How not to be a good Samaritan?
I once found a pretty new boat drifting
unattended in the back bay behind Fort Myers Beach. An attached bow
line was wrapped around a cleat that had pulled loose from a wooden
object. There was no mid-line and the boats rear cleat was missing.
I put a tow line on it and called the
Coast Guard. I stood by while the rubber Ducky raced towards me.
Chalk that up to youthful exuberance. I'm sure the fine would be huge
for any civilian boater who ran the idle speed zones that way but
they could get away with it because the public safety might be
involved. Which it often is from the massive wake that rubber Ducky
can throw.
A long time ago, a young woman was
climbing out of her Choy Lee sailboat docked at the old Pearl Street
Marina when youthful exuberance knocked her off the ladder and onto
the cabin sole where she broke her leg and fractured her skull.
Whether she was high on a combination of narcotics at the time or
subsequent to her injuries, she was forced to climb out of the boat
and crawl up the dock to the office.
Even thirty years ago the guys in
uniforms could be mighty intimidating, “Put your hands up....I said
PUT YOUR HANDS UP!” So I put my hands up.

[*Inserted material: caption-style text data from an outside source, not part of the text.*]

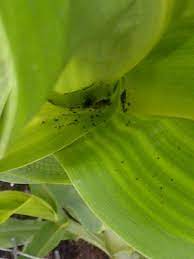 Asiatic beetles feed on root hairs, weakening the plant. Help Found These Bugs In Corn Stalks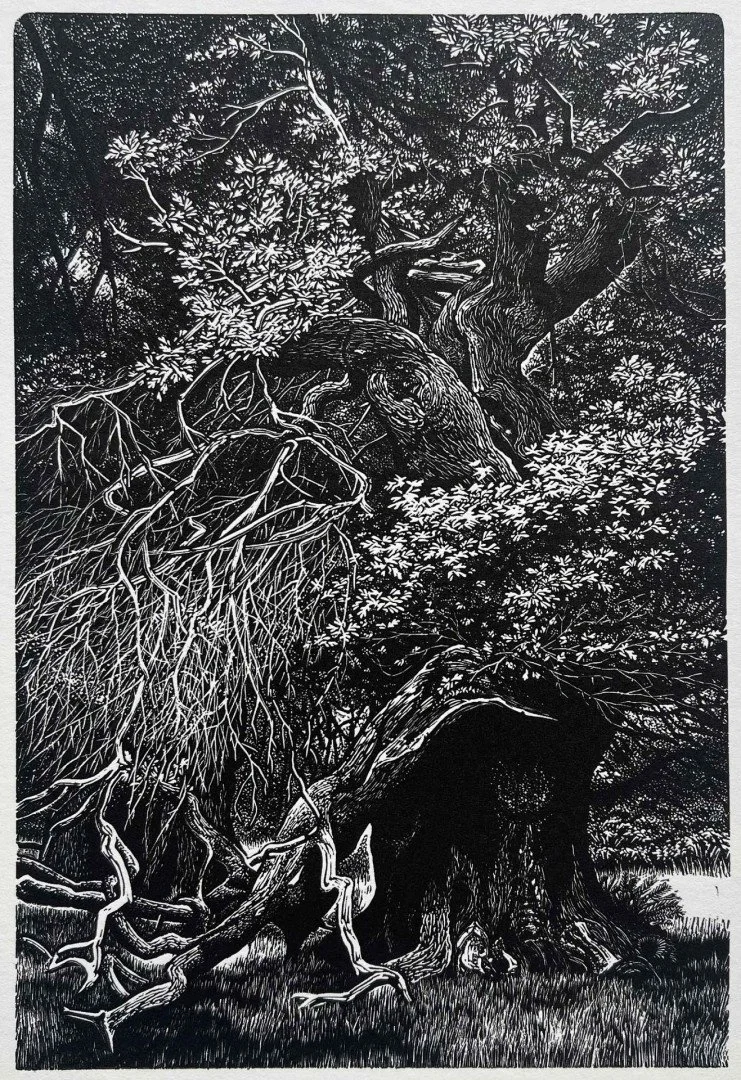   Staverton Thicks  
 £260
 Blaze Cyan
 Wood Engraving on Paper
 Limited Edition No. 2/100
 Framed Size: 30cm x 27cm x 3cm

Not to difficult.
“I'm the one who called,” I said to
the baby faced Coastie who boarded my boat. He just grunted and
continued searching my boat for contraband. In the locker forward of
the center console were five empty beer cans, three Miller Lights and
two Budweiser.
“I insist you confiscate those cans
and take them to your finger print lab. I am sure my prints aren't on
them because I only drink Pabst Blue Ribbon. My sneaky friends must
have stashed them there, I'm sure!”
“I'm going to have to do a field
sobriety test,” said the baby faced Coastie .
“It is 6:10 am in the morning,” I
stammered, “I'm out here for bait NOT drinking beer! I don't
believe this shit! I find and report a hazard to navigation and all
you want to do is bust me for ANYTHING. Hang on young man, we're
going to the station!” I drove at idle speed through the anchorage
to the Coast Guard Station with my passenger aboard.
I requested the Watch Commander meet us
and I'd surrender to him. By the time we hit the Coastie's dock, I'd
calmed down. To my surprise I received an apology and a thank you
from the not so baby faced Watch Commander. “Would you like to
take the empty cans with you?” I declined just for the satisfaction
of seeing the baby faced Coastie dispose of them.
“That was a hell of a thunderstorm we
had last night. Must have busted loose that boat,” said one of the
baby faced Coastie's.
I couldn't resist one parting shot,
“Seems like no one knows shit around the beach anymore. Tying a
boat only by the cleat, unbelievable?”
P.S. All those Coasties would be
retired by now!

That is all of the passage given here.